▶ _Information supplied_:
---*---

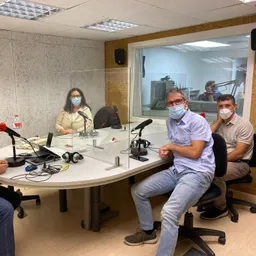 #416 - Situació sanitària actual de Rubí amb directors de CAP's - episode art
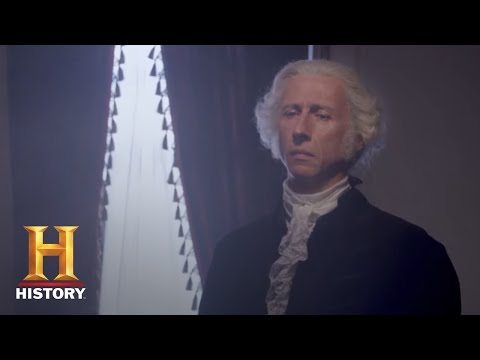 第一任總統華盛頓第一任總統｜獨家｜歷史 (Washington: The First President | Exclusive | History)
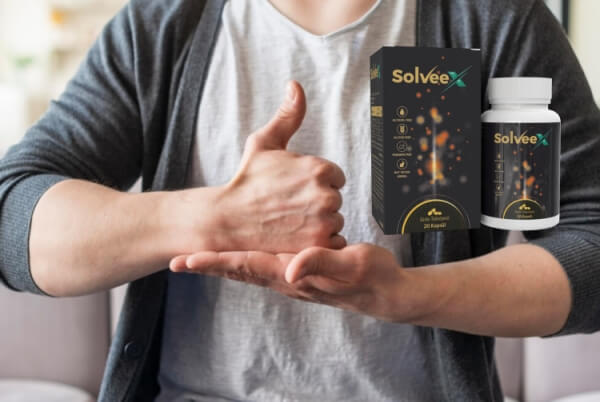 Solveex capsules Reviews Turkey - Opinions, price, effects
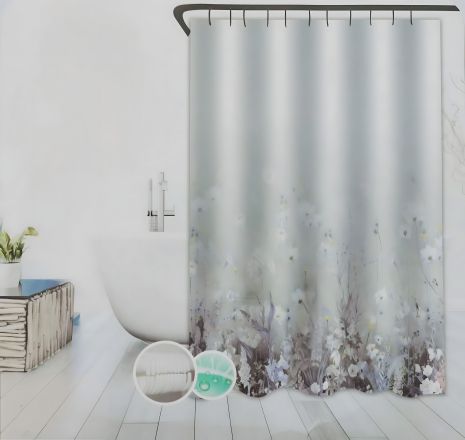 Тканевая занавеска 180*180 см Cortina 85002 Тканевая занавеска 180*180 см Cortina 85002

---*---

▶ _Description of the task_: Reproduce the data verbatim and omit each image.

▶ _Response_:
 #416 - Situació sanitària actual de Rubí amb directors de CAP's - episode art
 第一任總統華盛頓第一任總統｜獨家｜歷史 (Washington: The First President | Exclusive | History)
 Solveex capsules Reviews Turkey - Opinions, price, effects
 Тканевая занавеска 180*180 см Cortina 85002 Тканевая занавеска 180*180 см Cortina 85002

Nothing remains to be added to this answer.